Tamu (40) adalah sedikit petani di Desa Gaji, Kecamatan Kerek, Kabupaten Tuban, Jawa Timur, yang masih menanam tembakau sendiri. Ia menanam setahun sekali. Tak banyak, memang, tapi cukup untuk ia pakai sendiri—dan dijual sisanya. “Tak banyak petani yang menanam tembakau di sini [Gaji],” katanya pada suatu hari yang terik di gubuk yang ia dirikan di pinggir ladangnya yang berbatu. Di dekat gubuk itulah ia menyemai tembakau. Bibit tembakau itu baru setinggi telunjuk orang dewasa. “Baru sebulan,” ujar Tamu.
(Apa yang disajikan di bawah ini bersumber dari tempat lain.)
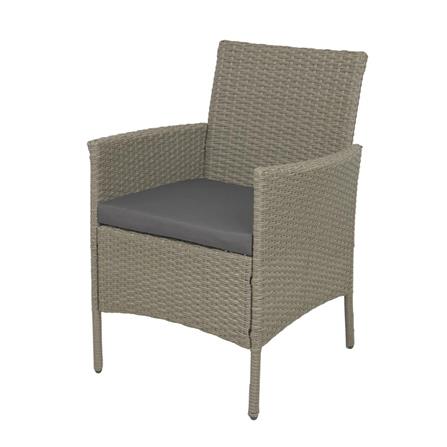 2-SEAT WICKER PATIO SET SPRING MARRON GREY [EXCLUSIVE FROM HOMEPRO THAILAND]
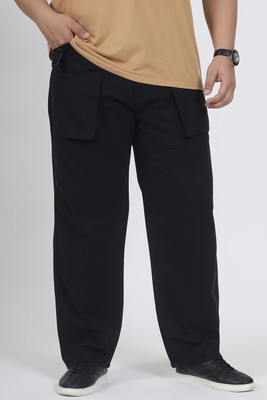 Snitch Regular Fit Men Black Trousers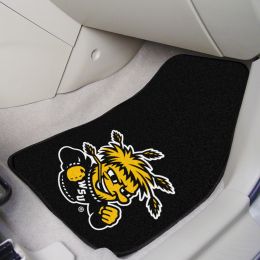 Wichita State University Licensed 2pc Printed Carpet Car Mat Set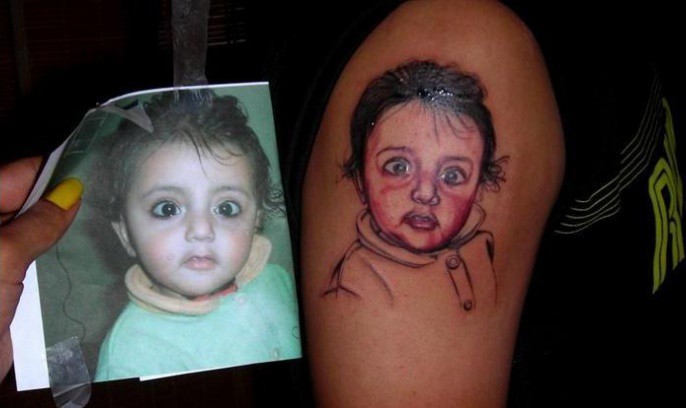Illustration de l'article : Top 37 portrait tattoos that were total fails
Sebagian besar dari bsayi-bayi tembakau itu belum dipindah-tanamkan ke ladang yang lebih luas. Selain belum masuk musim tanam, Tamu mengaku masih kerepotan dalam menyambut masa panen jagung dan merawat kacang tanah yang sudah mulai tumbuh. Meski begitu, ia sudah mencicil menanamnya di lahan yang lebih luas sedikit demi sedikit. “Saya menabur bibit waktu kemarau kemarin. Jadi setiap hari harus menyiramnya,” Tamu bercerita.
Tembakau merupakan jenis tanaman semusim yang hanya bisa ditanam sesuai dengan masa tanamnya. Selain itu, keberhasilan panen tembakau sangat bergantung pada iklim. Hal ini menyebabkan produksi tembakau sangat fluktuatif.
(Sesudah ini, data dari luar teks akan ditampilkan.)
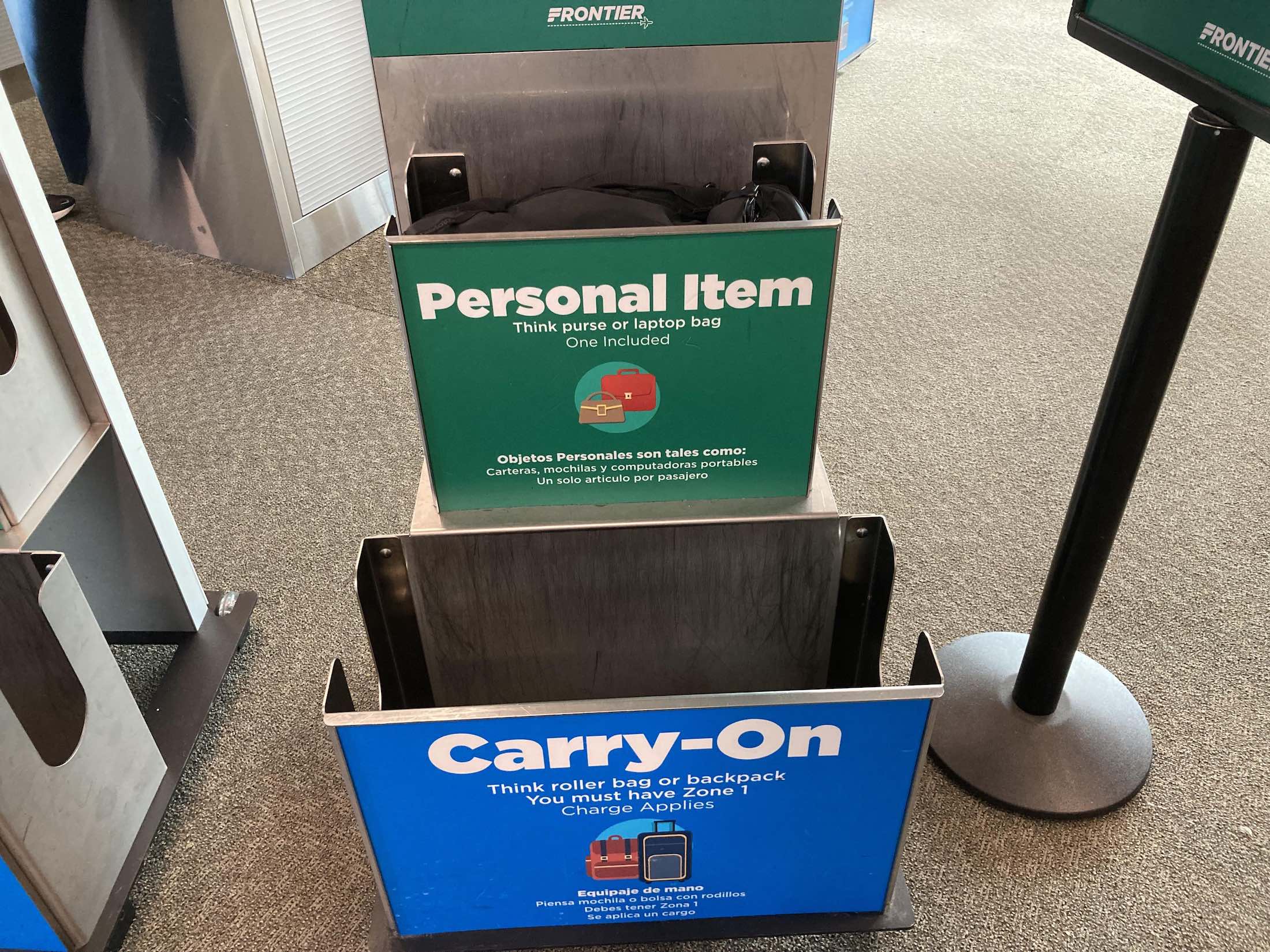Frontier Bag Policy Carry On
Di ladangnya yang sempit—dan penuh kotoran sapi yang sudah menjadi tanah (lebu)—Tamu menanam tembakau condong jinten dan tembakau bakeong. Tembakau condong banyak dibudidayakan di daerah Senori, Tuban. Sedangkan tembakau bakeong berasal dari Desa Bakeong, Kecamatan Guluk-Guluk, Kabupaten Sumenep, Jawa Timur. “Tapi saya tidak bisa membedakannya, mana yang condong dan mana yang keong,” ujar Tamu sembari tertawa.

Bibit tembakau condong jinten dan tembakau bakeong yang Tamu semai di antara tanaman jagung dan cabai | Foto: tatkala.co/Jaswanto
Keluarga Tamu menanam tembakau ini secara turun-temurun. Kakeknya, bapaknya, bahkan mertuanya, adalah sosok yang mengajarinya bertani tembakau—dari menyemai, menanam, merawat, memanen, sampai merajangnya. Tapi ia tidak tahu sejak kapan tembakau mulai di tanam di Desa Gaji.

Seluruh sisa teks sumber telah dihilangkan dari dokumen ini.